The answer must be an exact reprint of the lines from the one with "A modern kitchen" through the final line of the data, with no pictures included.

--- DATA EXCERPT ---

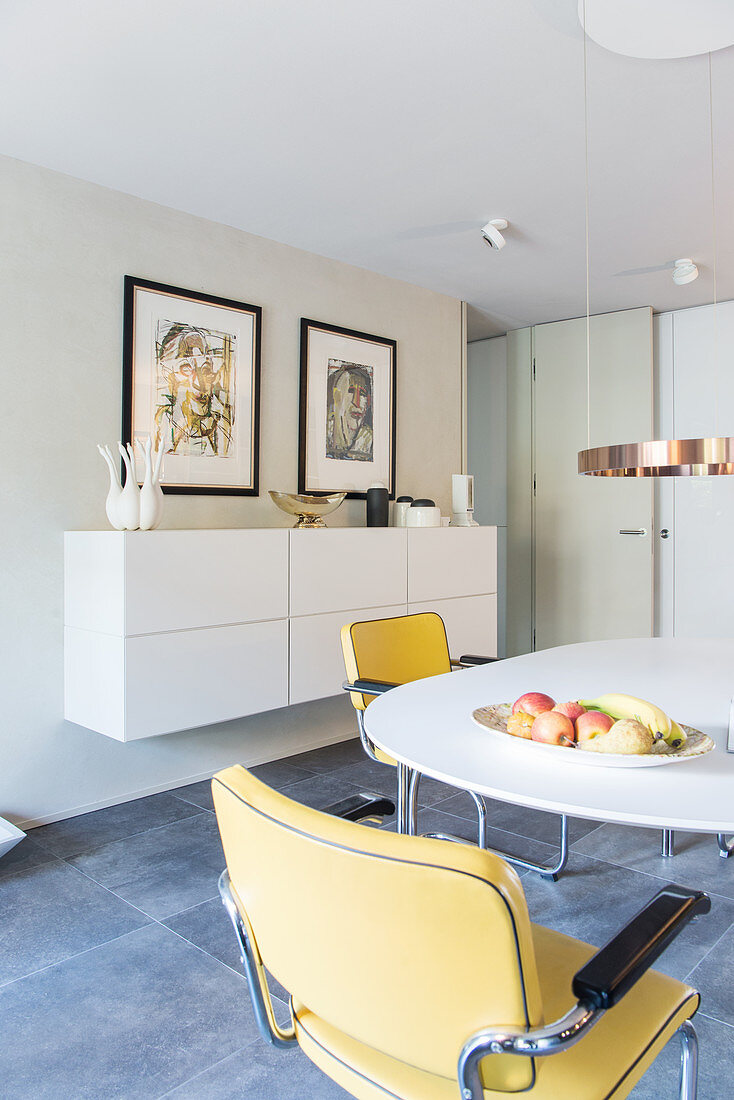 Open-plan dining area with round table, cantilever chairs, floating sideboard and artworks on wall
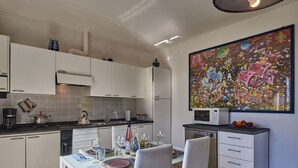 A modern kitchen with white cabinets, a dining table set with plates and glasses, and a colorful abstract painting on the wall. - Nice apartment for 4 people with WIFI, TV, balcony, pets allowed and panoramic view (Gravedona)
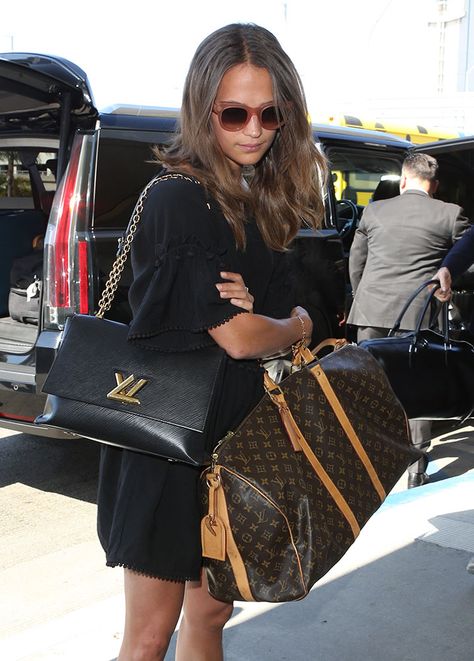 Prada and Louis Vuitton Were the Obvious Winners With Celebs This Week - PurseBlog Michael Fassbender And Alicia Vikander, Alicia Vikander Style, Louis Vuitton Bag Outfit, Vuitton Outfit, Louis Vuitton Outfit, Louis Vuitton Travel Bags, Louis Vuitton Travel, Lax Airport, Alicia Vikander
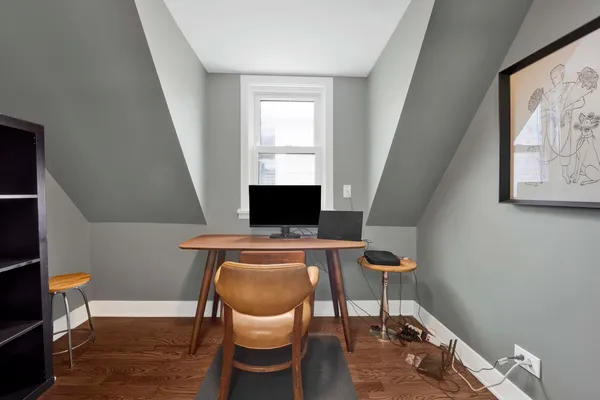 a workspace with furniture and a window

---

- YOUR RESPONSE -
 A modern kitchen with white cabinets, a dining table set with plates and glasses, and a colorful abstract painting on the wall. - Nice apartment for 4 people with WIFI, TV, balcony, pets allowed and panoramic view (Gravedona)
 Prada and Louis Vuitton Were the Obvious Winners With Celebs This Week - PurseBlog Michael Fassbender And Alicia Vikander, Alicia Vikander Style, Louis Vuitton Bag Outfit, Vuitton Outfit, Louis Vuitton Outfit, Louis Vuitton Travel Bags, Louis Vuitton Travel, Lax Airport, Alicia Vikander
 a workspace with furniture and a window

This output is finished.